A “Europa fortaleza, que ergue muros e vedações, como as que vemos na Turquia e na Espanha” nunca conseguirá resolver este problema, sublinha a directora da Amnistia. “Esta é uma crise global e tem de ser vista como o que é. Estas pessoas não vão desaparecer e a melhor forma de lutar contra o tráfico e os contrabandistas que actuam no Mediterrâneo, como a UE agora vai fazer, seria oferecer a quem foge rotas seguras e legais para fazer o caminho”, defende Iverna McGowan.

Até lá, haverá dias em que três ou quatro mil pessoas serão resgatadas no mar, e dias em que 900 vão morrer afogadas, como aconteceu num domingo de Abril.
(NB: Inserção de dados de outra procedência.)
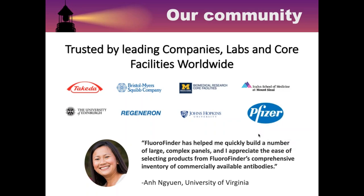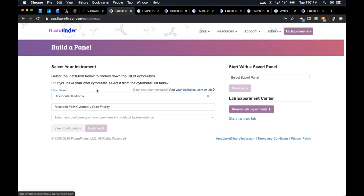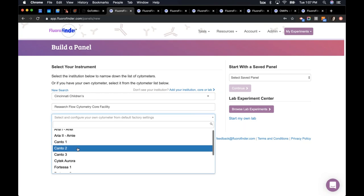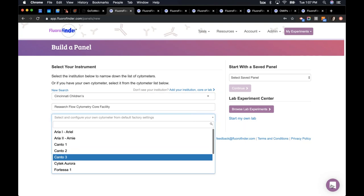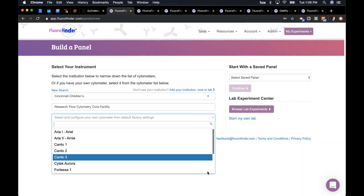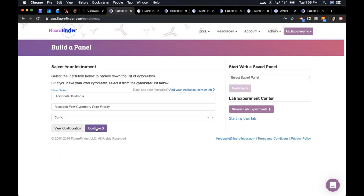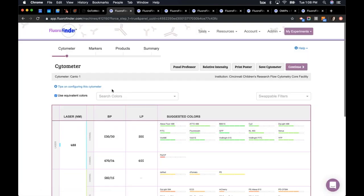I'm going to jump right to the FloraFinder website. This is our main website, and today we're going to be spending all of our time on the panel builder. The first thing to do is enter your institution and your flow core facility or lab, and then we should have your cytometer configurations already entered into our system. You find your cytometer and enter it. If it's not already in there, you can email us at support@florafinder.com or use the chat feature in the bottom right corner.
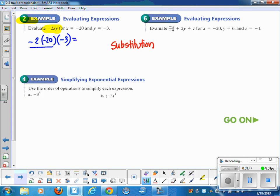Negative 2 times negative 20 — because they're like signs, the answer is 40. Now I take that 40 and multiply it by negative 3. Now we're multiplying two unlike signs, so 40 times negative 3 is negative 120.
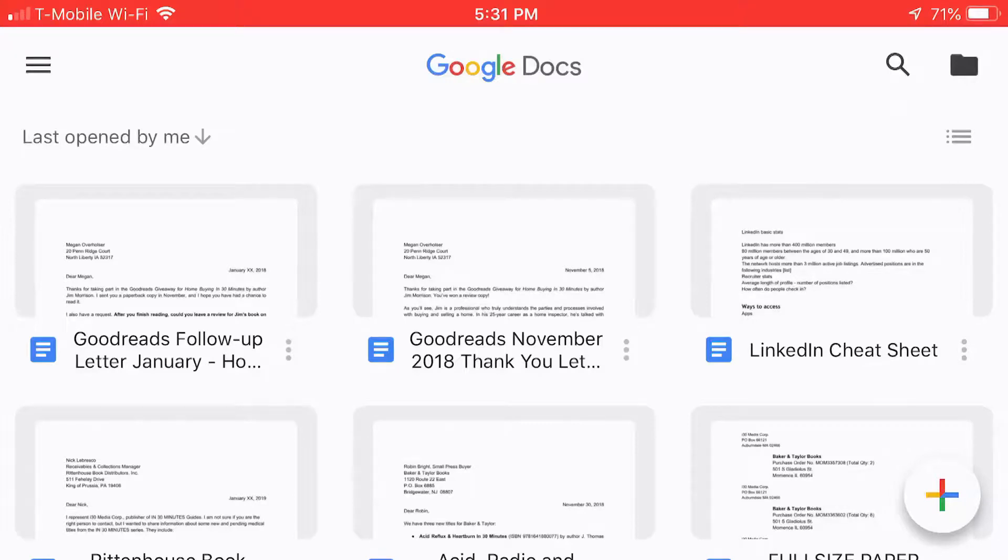Hello everyone, my name is Ian Lamont. I am the author of Google Drive and Docs in 30 Minutes and today I'm going to be showing you the easy way to print from Google Docs on an iOS device such as an iPhone or an iPad.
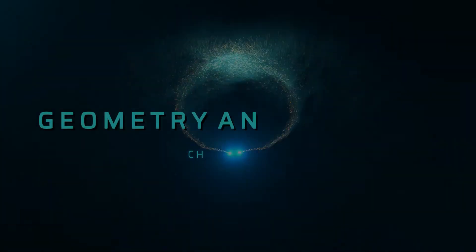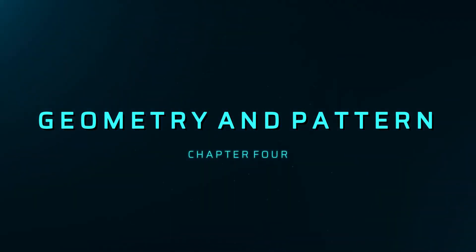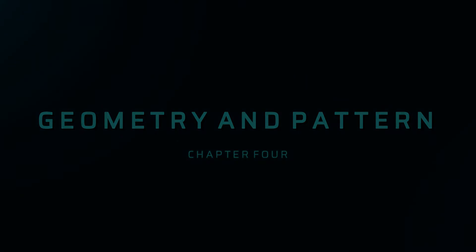Dear students of class 3, today we are going to learn chapter 4, Geometry and Patterns.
Como este Conselho Europeu mostrou, a solidariedade não se impõe. Mas a recusa da solidariedade contraria leis e princípios, lembra McGowan, citando o artigo 2 do Tratado Europeu, onde se lê que “a União é fundada nos valores do respeito pela dignidade humana, liberdade, democracia, igualdade, o Estado de direito e o respeito pelos direitos humanos”. Estes valores, “são comuns a todos os estados-membros numa sociedade em que o pluralismo, a não discriminação, a tolerância, a justiça e a solidariedade” prevalecem.